TASK ITEM
Pictures must not appear in the copy. Restate exactly the lines below from the one with "Preisvergleich Produktbild SISIZHANG" through the one with "Default Sets dialog", inclusive.

RECORD EXTRACTS
Content starts

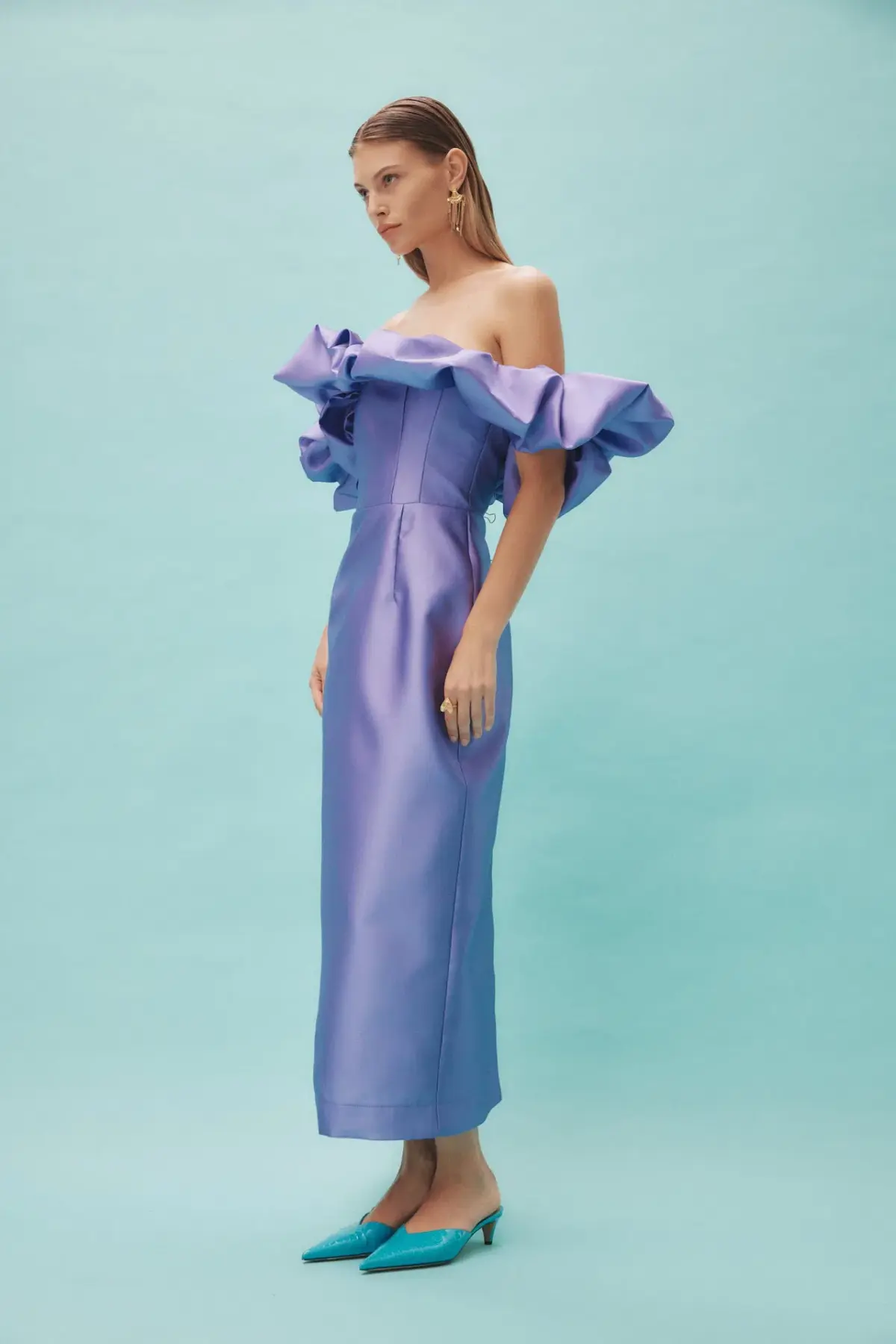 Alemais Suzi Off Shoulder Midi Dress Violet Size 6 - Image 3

Content ends
Content starts

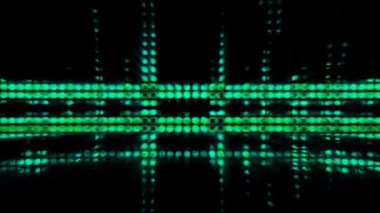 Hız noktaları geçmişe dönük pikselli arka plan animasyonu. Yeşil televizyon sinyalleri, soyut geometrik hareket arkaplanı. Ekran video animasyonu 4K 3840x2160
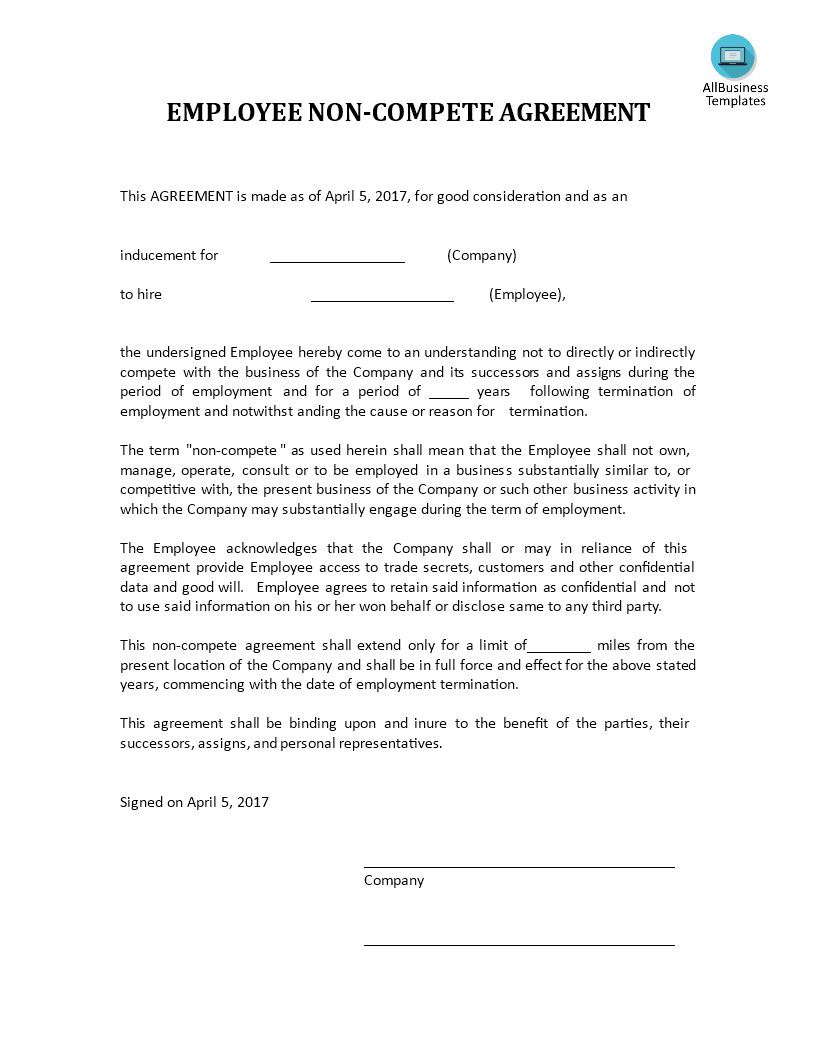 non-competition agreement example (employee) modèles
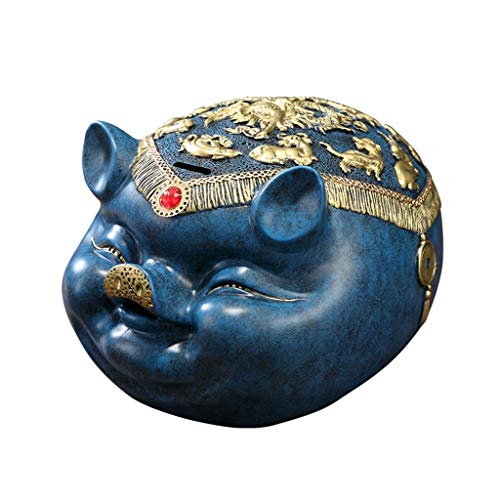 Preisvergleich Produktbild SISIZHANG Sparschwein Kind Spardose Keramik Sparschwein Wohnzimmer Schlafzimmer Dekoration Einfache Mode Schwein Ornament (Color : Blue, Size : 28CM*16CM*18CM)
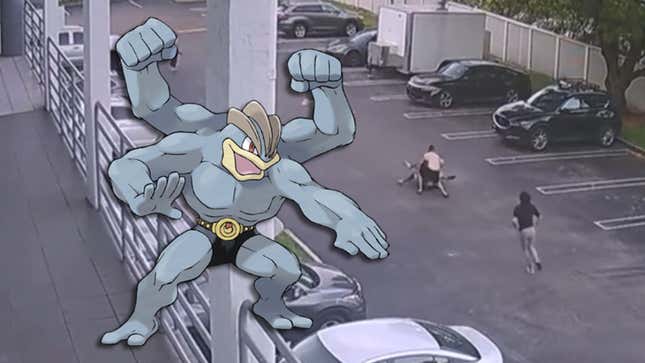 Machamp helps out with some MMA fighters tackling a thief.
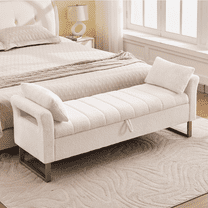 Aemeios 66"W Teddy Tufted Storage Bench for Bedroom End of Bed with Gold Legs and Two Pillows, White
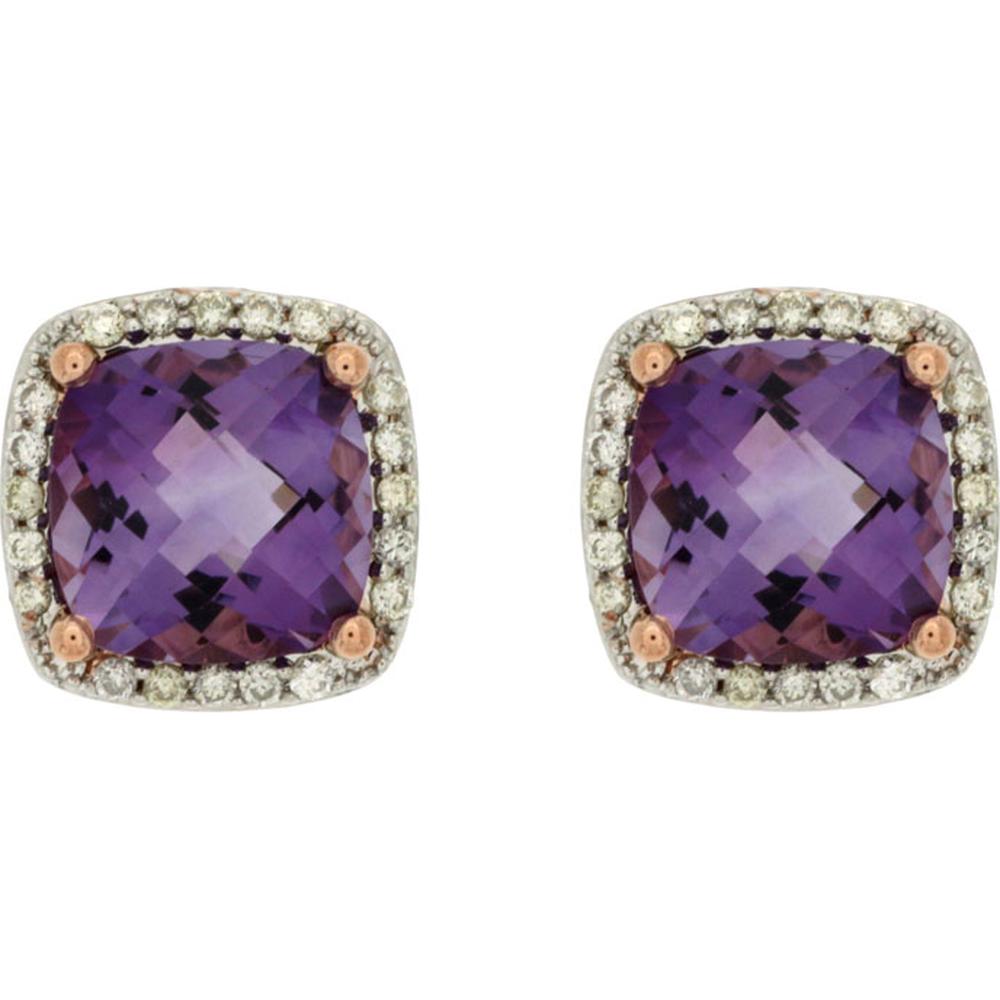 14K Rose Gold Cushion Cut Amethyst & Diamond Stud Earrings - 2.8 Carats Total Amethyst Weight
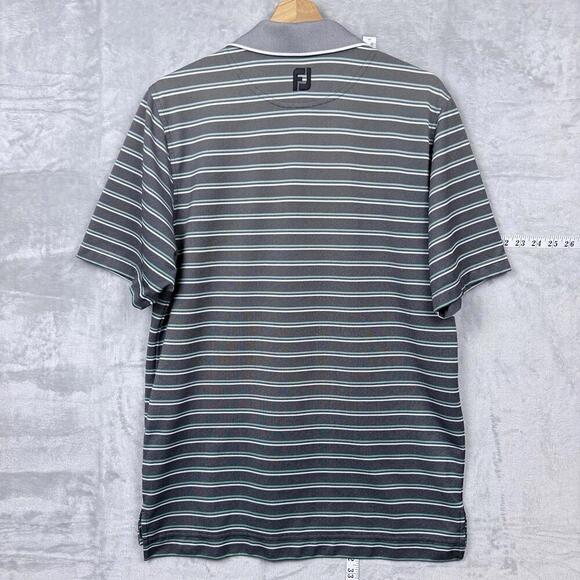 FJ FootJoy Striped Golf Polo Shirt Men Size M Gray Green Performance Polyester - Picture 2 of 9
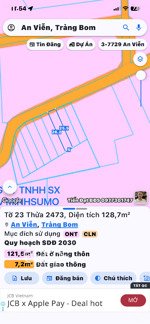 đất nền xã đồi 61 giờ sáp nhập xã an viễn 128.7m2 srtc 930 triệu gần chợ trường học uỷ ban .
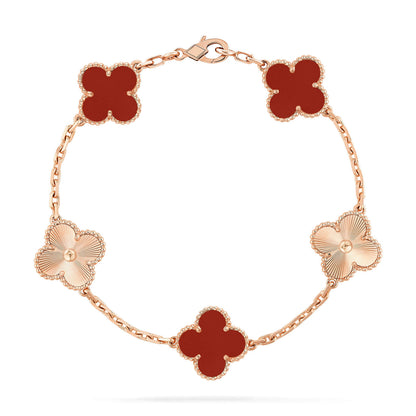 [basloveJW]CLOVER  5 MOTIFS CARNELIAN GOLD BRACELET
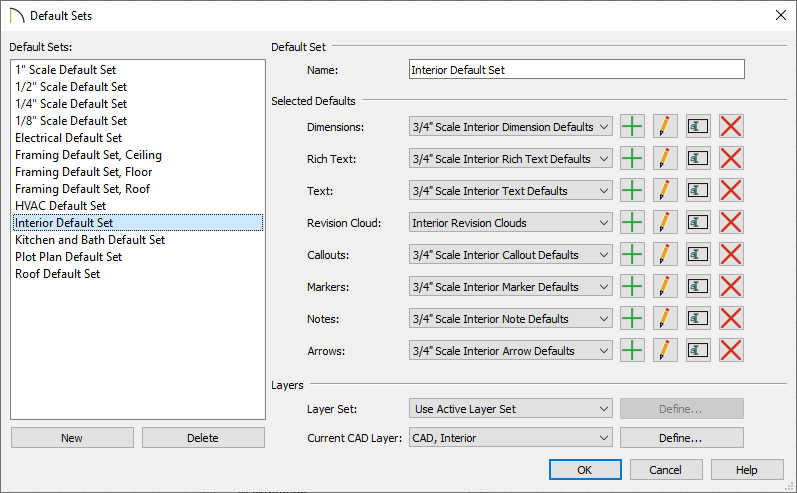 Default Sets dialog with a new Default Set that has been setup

Content ends

ANSWER BOX
 Preisvergleich Produktbild SISIZHANG Sparschwein Kind Spardose Keramik Sparschwein Wohnzimmer Schlafzimmer Dekoration Einfache Mode Schwein Ornament (Color : Blue, Size : 28CM*16CM*18CM)
 Machamp helps out with some MMA fighters tackling a thief.
 Aemeios 66"W Teddy Tufted Storage Bench for Bedroom End of Bed with Gold Legs and Two Pillows, White
 14K Rose Gold Cushion Cut Amethyst & Diamond Stud Earrings - 2.8 Carats Total Amethyst Weight
 FJ FootJoy Striped Golf Polo Shirt Men Size M Gray Green Performance Polyester - Picture 2 of 9
 đất nền xã đồi 61 giờ sáp nhập xã an viễn 128.7m2 srtc 930 triệu gần chợ trường học uỷ ban .
 [basloveJW]CLOVER  5 MOTIFS CARNELIAN GOLD BRACELET
 Default Sets dialog with a new Default Set that has been setup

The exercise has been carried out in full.